Tuesday, 10 February 2009

First Completed Animation Scene

Okay that title may be a tad deceptive, this is by no means what this will look like when I'm finished, it still needs colouring, compositing, sound and stuff, but the animation you see here will be what you'll see in the completed film.

There's a few issues here and there, especially the boiling which I'm struggling to deal with. I'm thinking that may just be how my film looks which sucks but I'm trying like hell to deal with it.


Friday, 16 January 2009

Everytime a bell rings a Kakapo gets its wings!

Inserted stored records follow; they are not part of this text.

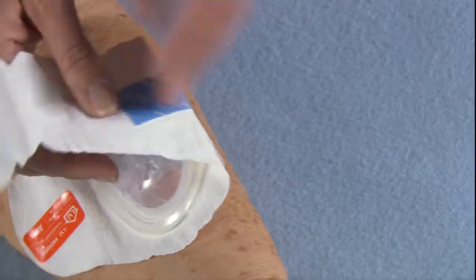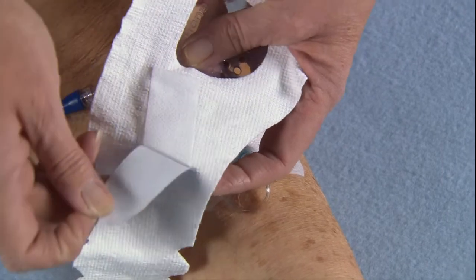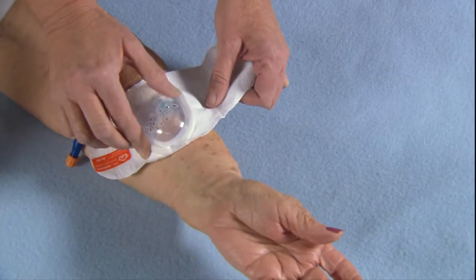Remove the blue release paper to expose a strip of soft surgical tape that keeps the device from sliding. Rewrap fabric, gently pressing the tape into place.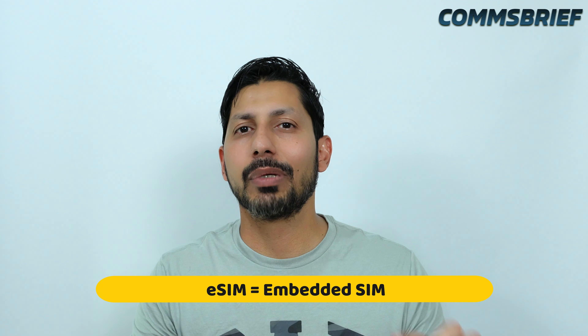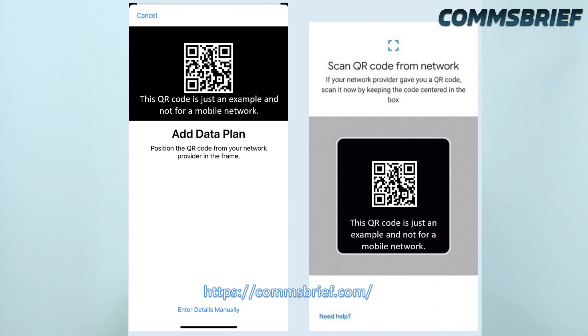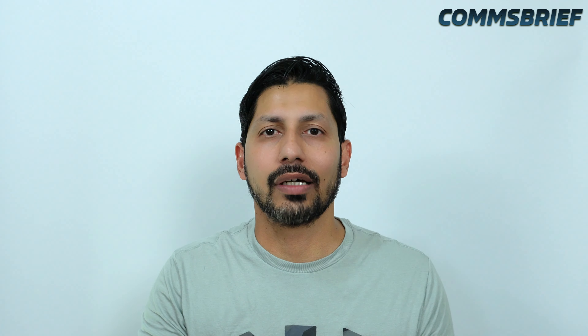In case you don't know what an eSIM is, eSIM stands for embedded SIM. Basically it is a SIM where the hardware is built into your mobile phone. All you then have to do is get a QR code for the software from your mobile operator, download your eSIM on the phone, and basically program the already built-in hardware. So you download the SIM on your phone and then go through a process to install it.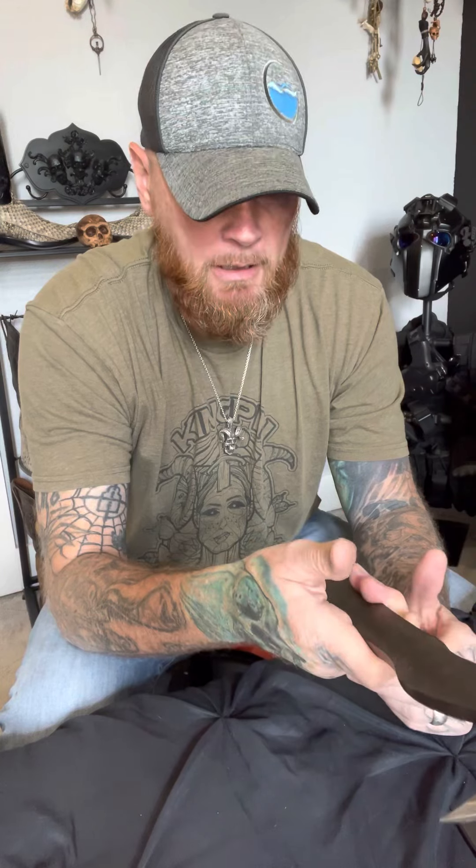The steel itself handles well. I tore up a lot of treated 4x4s with this and there was no damage to the metal, so the steel itself is durable. It seems like some type of spring steel, probably. They say it's U8 steel, but I think it's some type of spring steel. The handles and everything else are just kind of cheap add-ons.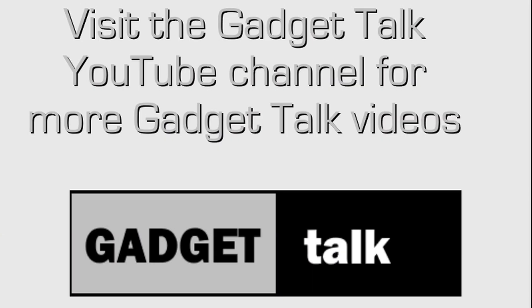If you found this review helpful, please click on the thumbs up button below the video and be sure to subscribe to the Gadget Talk channel to be notified when I post new videos. For more information! Bye!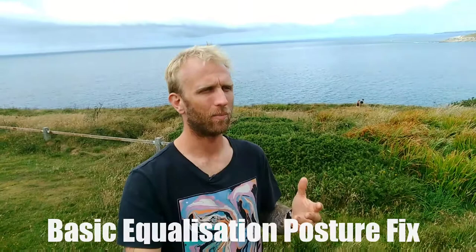Most people will equalize holding their nose, like so. Of course this is absolutely fine, but that often actually brings us into some quite poor posture when we're actually doing the equalization itself. It's easier to show from the side, so I'm just going to position the camera to one side and show you why it can really push you into poor technique.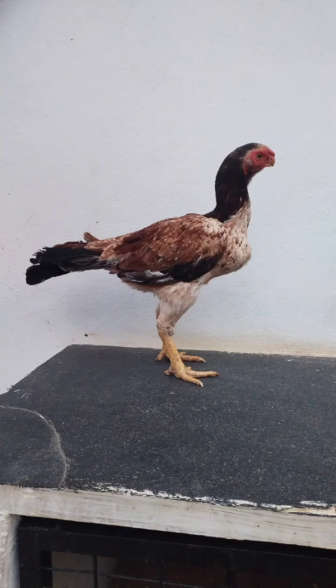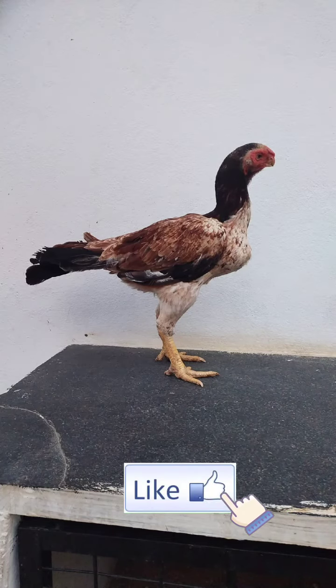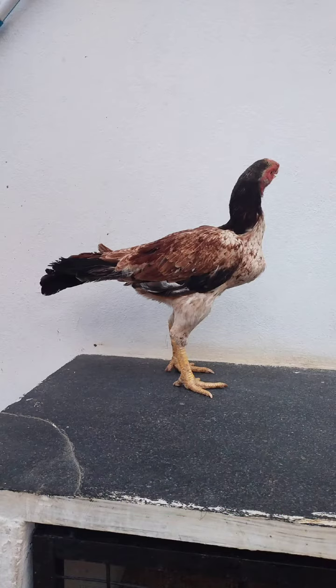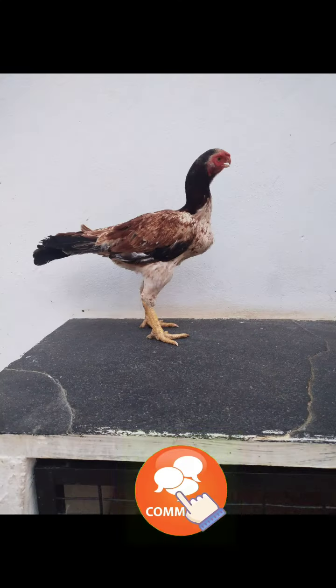I am going to show you the top quality of the Kinehead, including the Kinehead full temperature.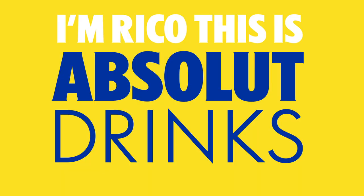You have the equipment, you have the drinks, and you have the mixers, but you need to know how much of everything to use. You need to know about parts. I'm Rico, this is Absolute Drinks with Rico.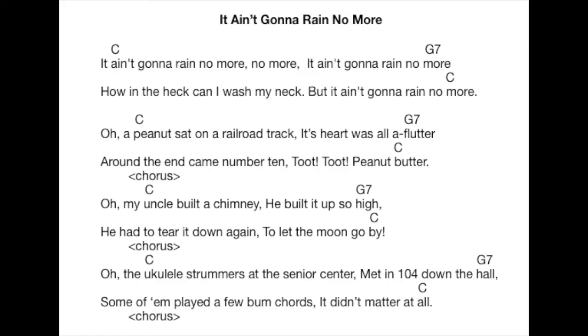Oh, it ain't gonna rain no more, no more. Ain't gonna rain no more. How in the heck can I wash my neck? Ain't gonna rain no more.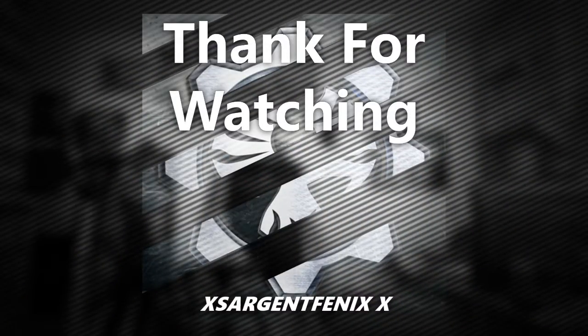Let me open the game up. If you guys like this video, please like, favorite, and subscribe. I'm Phoenix, and I'll catch you guys in the next video, which is gonna be in around 5 to 10 minutes. See you in the next video. Peace.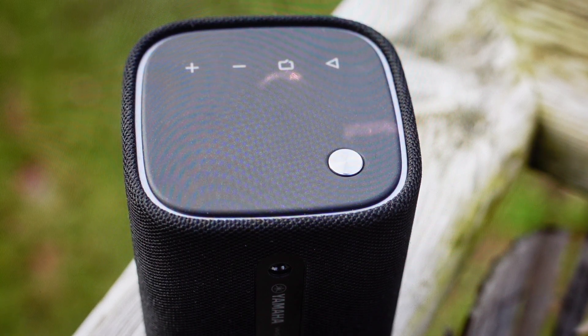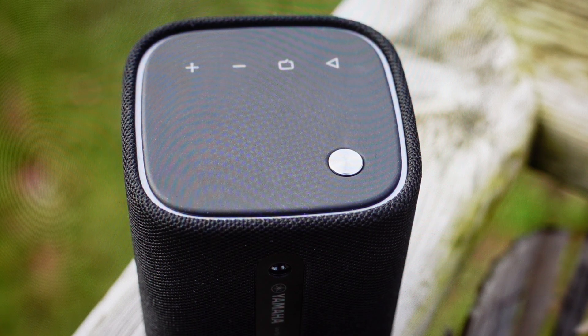Hey everybody, this is a real quick video. In case you have a Yamaha WS-B1A wireless Bluetooth speaker and you need to do a hard factory reset back to initialize it back to its factory settings.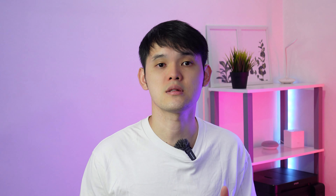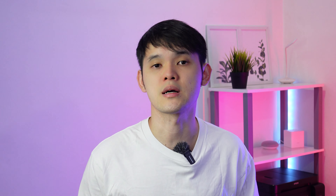With the smart plug, I don't need to bend down to reach the wall plug switch. Next is the RGB light behind my desk. This USB RGB strip is smart Wi-Fi connected, and I can control any color output that I want with voice command.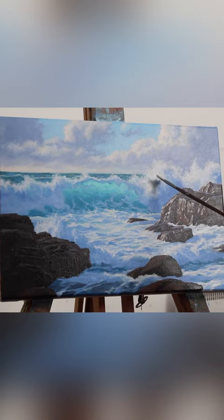I use a fan brush to paint the illusion of spray coming off the breaking waves, and then I finish up the painting by adding my last highlights.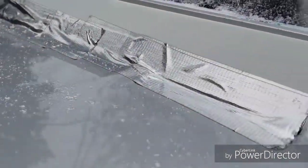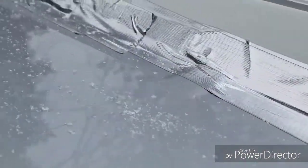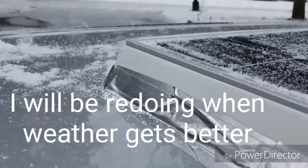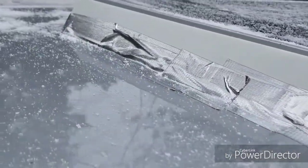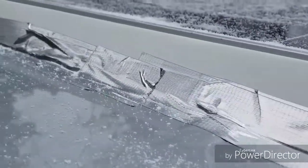Before it gets too much snow on it, I want to show you my horrible duct tape job. But it did help on the wind — all that flapping that was going on. So it's pretty quiet now.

After the crit session we had for our animatics, I made a few changes which I will go into greater detail in later. For now, here's some concept for something Pual suggested, which was showing the Kakapo as an angel to show it gets its wings at the end. I may use this as an ending still, we shall see...


Tuesday, 13 January 2009

Final Animatic

Our upload of our final animatics are tomorrow, and I've decided to upload my final animatic onto here. This animatic MAY get updated again between now and tomorrow, but more than likely, this is the final one.


Animation Tests and other such things

Now I'm done for now with other peoples work, I've gotten back to working on my project 'Kakapo', by doing three pieces of test animation, each of a scene from my film. These pieces are by no means final, a few tweaks in the motion and timing are needed in some places, but I'm trying to start animating earlier, as to avoid running out of time further on down the line.



Wednesday, 7 January 2009

Storyboarding for Tim

Well another new year is upon us, and with it comes more work. I'm currently working on a final animatic which will be uploaded around the time I finish the thing, but for now I can tell you that I have finished my assignment that Tim gave me.
Tim asked me to do his storyboards for him, a task I happily took on. Tim and me sat down over the course of a few days to plan out the rough thumbnails for the storyboards, which I wont upload because a. it gives you less to scroll through and b. some of the drawings are less than respectable.

After the thumbnails were finalised, I went off and spent a day or two drawing out the final images for Tim. Tim then looked over them and gave me any corrections that needed doing, and I then fixed accordingly.

I actually rather enjoyed working on these panels, mostly 'cause it gave me a chance two more challenging characters (the goat and the boy), and so I hope Tim is happy with them.